Elkar was too spent to do anything more than glare at him.  He had done all that he could, and it hadn’t been nearly enough.  He had forced the Lost One momentarily out of his mind.  That was all.  He was just as much a prisoner now as before. 
What will become of us?
he wondered, glancing back to the image on the wall.  The king and the Alderi Shune fought on even though they knew it was hopeless.  If the Lost One was showing him this to break his spirit, he had miscalculated.  Elkar’s chest swelled with pride.  If his countrymen could stand tall in the face of certain annihilation—then so could he.

“Sorry to disappoint,” the Lost One said, “but you will not be allowed a noble death like your brethren there.  No indeed, your fate will be quite different from theirs…yet irrevocably linked, as is my own.”  He smiled, looking very pleased with himself, as though he’d said something clever.  A beetle broke through the skin on his left cheek and crawled around to the back of his neck.  His smile broadened as he casually, almost unconsciously, caught the beetle between his thumb and forefinger and popped it into his mouth.  “I plan to keep you alive for a very long time,” he said as he chewed it up.  “Every few hundred years or so, I will put your parasitic soul into a new shapeling host.”

Elkar averted his eyes, trying to hide his alarm.  Death was one thing, but this…. 

“Oh, don’t look so glum,” the Lost One said.  “Here, I have something for you, a present to cheer you.”  With trembling glee, he opened his mouth, hocked up a glob of black snot, and spat it onto Elkar’s face.

Elkar could feel something crawling through the muck, but was powerless to wipe it off, powerless to do anything.  He tried not to think about what it might be.  What if one of those beetles crawled inside of him and laid its eggs?  What then?
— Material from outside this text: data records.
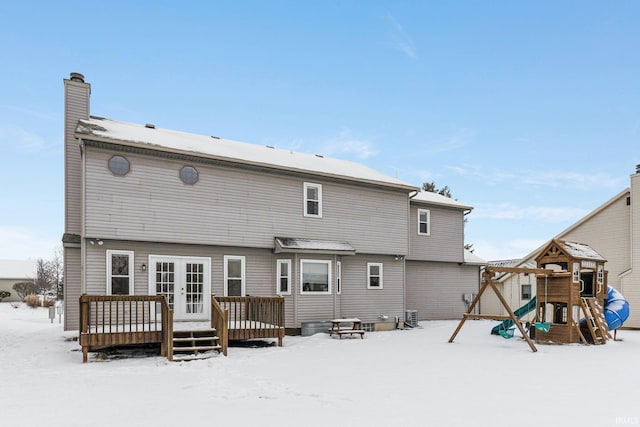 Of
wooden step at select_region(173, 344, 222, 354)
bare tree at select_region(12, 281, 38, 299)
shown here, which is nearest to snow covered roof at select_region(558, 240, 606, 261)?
wooden step at select_region(173, 344, 222, 354)

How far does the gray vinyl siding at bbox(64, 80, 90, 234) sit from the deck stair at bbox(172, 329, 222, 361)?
245 inches

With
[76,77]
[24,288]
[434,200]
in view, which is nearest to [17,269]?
[24,288]

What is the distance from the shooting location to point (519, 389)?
24.7 ft

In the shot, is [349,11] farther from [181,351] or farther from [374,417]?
[374,417]

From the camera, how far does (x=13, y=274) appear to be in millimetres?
43500

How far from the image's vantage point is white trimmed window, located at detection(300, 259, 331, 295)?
607 inches

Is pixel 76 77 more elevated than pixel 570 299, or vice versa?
pixel 76 77

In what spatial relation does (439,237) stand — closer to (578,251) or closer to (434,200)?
(434,200)

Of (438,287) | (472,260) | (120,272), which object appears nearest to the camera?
(120,272)

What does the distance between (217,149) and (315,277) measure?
5701 mm

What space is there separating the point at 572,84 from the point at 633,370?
584 inches

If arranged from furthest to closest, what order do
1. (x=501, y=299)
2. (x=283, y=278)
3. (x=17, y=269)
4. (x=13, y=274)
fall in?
1. (x=17, y=269)
2. (x=13, y=274)
3. (x=283, y=278)
4. (x=501, y=299)

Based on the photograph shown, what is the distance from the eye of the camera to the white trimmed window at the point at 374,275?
17.4 m

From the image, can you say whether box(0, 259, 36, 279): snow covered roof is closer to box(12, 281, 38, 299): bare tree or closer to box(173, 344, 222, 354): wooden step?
box(12, 281, 38, 299): bare tree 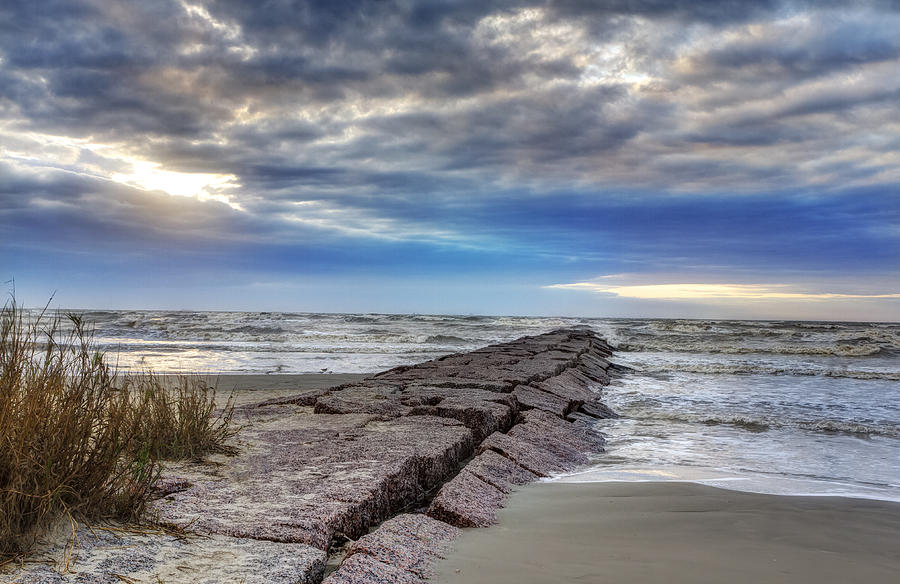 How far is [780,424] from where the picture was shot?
6.73 meters

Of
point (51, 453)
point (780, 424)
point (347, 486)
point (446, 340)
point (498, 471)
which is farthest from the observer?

“It’s quite an honor, really,” the Lost One continued.  “You see, Elkar, you are to be my greatest general, leading my shapelings against your own kind until there is not one of them left.  The irony is delicious, don’t you think?  For even if by some miracle the world survives my beloved shapelings, it will never survive you.”

Elkar felt his body de-animate as the horror of the Lost One’s words began to sink in.  The last thing he heard before slipping under was the sound of cackling laughter.